Ghim, Doug

A significant figure during the time period between the 15th and 18th Century was the Tokugawa Shogunate. The definition of shogun is a “title applied to the chief military commanders” who took reign over Japan until 1868, when the Emperor regained power of the nation. The Tokugawa Shogunate introduced the idea of feudalism to Japan, who before put all of their power in the hands of the Emperor. These military commanders took control of the authority, making the Emperor weaker and weaker, helping them become the true leaders of the nation. With this new abundance of power, the shogunate cut off ties with the rest of the world, sending back all missionaries out of Japan, with the exception of the Dutch, their only trade partners.

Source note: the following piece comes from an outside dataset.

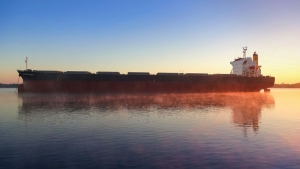 Hoanh Son: &Epsilon;&xi;&alpha;&gamma;ό&rho;&alpha;&sigma;&epsilon; &pi;&lambda;&omicron;ί&omicron; &alpha;&pi;ό &tau;&eta;&nu; &epsilon;&lambda;&lambda;&eta;&nu;&iota;&kappa;ή Omicron Ship Management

This shogunate is related to social change because of the change in power of the nation. Instead of the royal Emperor and the nobles being able to make relations with different European countries, the shogunate severe ties with anyone else internationally, which basically isolates them from trading. This effects the nation economically, and culturally because certain goods are not available to the everyday person who may be accustomed to having. Interestingly enough, however, the isolation form the rest of the world jump started Japan into the arts. The Kabuki theatricals became popular, but woman for more than two years were incapable of acting on stage. Since many scripts required a female role, men often had to replace the women and take the part and act. This shows how structure from law can affect society, causing the agency for a man to take the role of a woman, because that is what society wants.